1971

"(...) le prolétariat mondial, le prolétariat de chaque pays, abordent une étape décisive de leur histoire : il leur faut reconstruire entièrement leur propre mouvement. La crise du stalinisme (...) s'ampliie au moment où le mode de production capitaliste pourrissant s'avance vers des convulsions mortelles, qui riquent d'entrainer l'humanité toute entière dans la barbarie. (...) De cette crise des appareils naissent les possibilités de reconstruire la IV° Internationale."


Stéphane Just

Défense du trotskysme (2)

2

La voie froide coupée, révolution et contre-révolution à l'ordre du jour


Partout les mêmes problèmes

De tous les impérialismes européens, l'impérialisme français est sans doute le plus malade, mais tous sont atteints des mêmes maux. Chaque pays a sa propre histoire, ses propres caractéristiques. Les rapports politiques entre les classes qui ont permis au capital financier français de porter au pouvoir de Gaulle, se sont développés de façon différente dans d'autres pays. Il n'en reste pas moins que l'analyse de l'« l'ardente obligation du plan », de la mise en place de l'État bourgeois corporatif et policier en France, éclaire les tendances profondes de la société bourgeoise dominée par le capital financier telles qu'elles se sont affirmées depuis une dizaine d'années. justement, la crise particulièrement accentuée de l'impérialisme français, le fait que le capital financier put avoir recours à de Gaulle et constituer les structures de l'État bourgeois corporatif et policier dégagent ces tendances profondes communes à tous les impérialismes européens, les soulignent, les mettent en relief.

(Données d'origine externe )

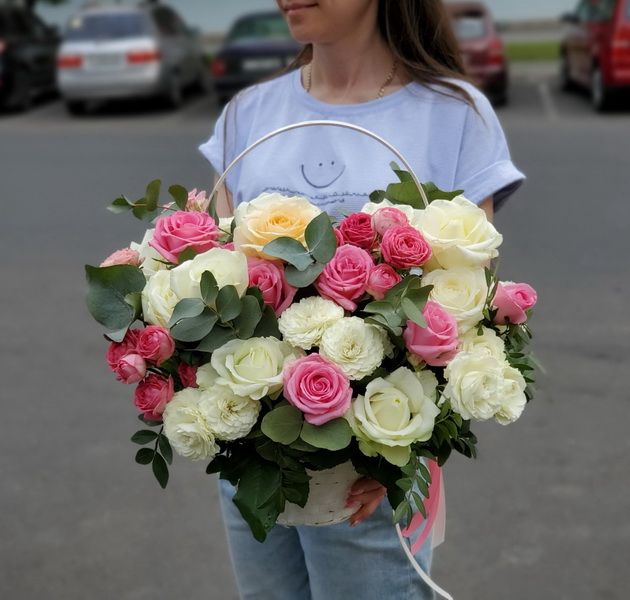 Корзина с розами "Нежное вдохновение"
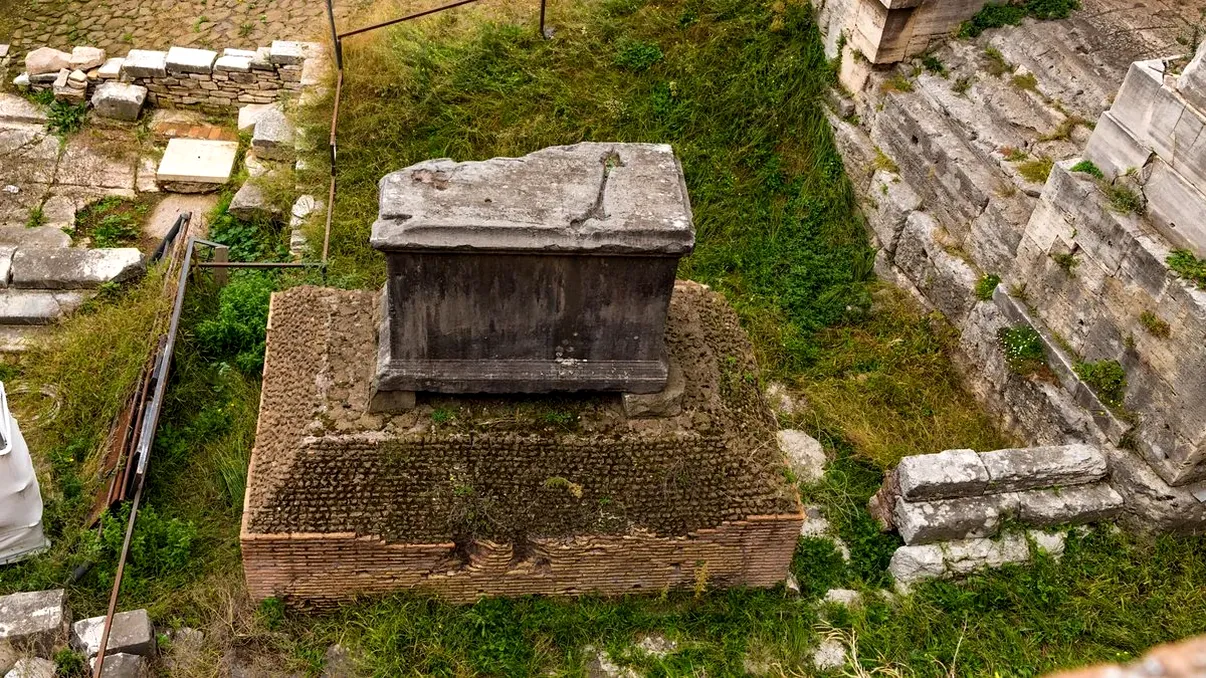 Piatra neagră din Roma antică a păstrat un mister aproape 3.000 de ani. Ce au găsit arheologii sub ea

Tous, à des degrés divers, doivent modifier profondément la structure de leur économie reconstruite après la guerre sur leurs anciennes bases. En Belgique, l'ancien secteur industriel de Wallonie doit pratiquement disparaître. En Allemagne, la vieille Ruhr, fondement de l'industrialisation passée du pays, doit être profondément affectée par la liquidation partielle des charbonnages. En Italie, les vieilles industries de Trieste, de Gênes, de constructions navales et autres, sont également sacrifiées. En Angleterre, les vieilles industries charbonnières et textiles à l'origine de la puissance du capitalisme anglais sont également plus ou moins condamnées. Superficiellement, il peut apparaître qu'après tout il s'agit simplement de passer d'un stade à un autre, de substituer aux anciens fondements de la puissance industrielle de nouveaux fondements : après l'âge du textile, celui du charbon et de l'acier; après l'âge de la machine à vapeur, celui de l'énergie électrique; ensuite vient l'âge de la chimie, de l'énergie d'origine nucléaire, de l'électronique, des ordinateurs, etc. (selon les théories chères à Germain Mandel et à beaucoup d'autres sur les 2°, 3°, 4° révolutions industrielles). En ce cas, il s'agirait de simples crises d'adaptation et de croissance. Mais il n'en est rien. Pour tous, il s'agit d'éliminer « la graisse et de ne conserver que le muscle »; formule brillante qui exprime une réalité qui l'est moins. Partout se fait pressante la nécessité de devenir concurrentiel dans les secteurs dits de pointe, c'est à dire non seulement d'éliminer les secteurs industriels, commerciaux, agricoles, retardataires mais encore de traduire les exigences de la concurrence dans les rapports entre le capital financier et les autres couches sociales, à commencer par ceux avec la classe ouvrière, d'où réformes de l'enseignement, de la formation professionnelle, la déqualification, la mobilité de la main d'œuvre, la liquidation des conquêtes ouvrières, des droits et garanties conquis par les travailleurs.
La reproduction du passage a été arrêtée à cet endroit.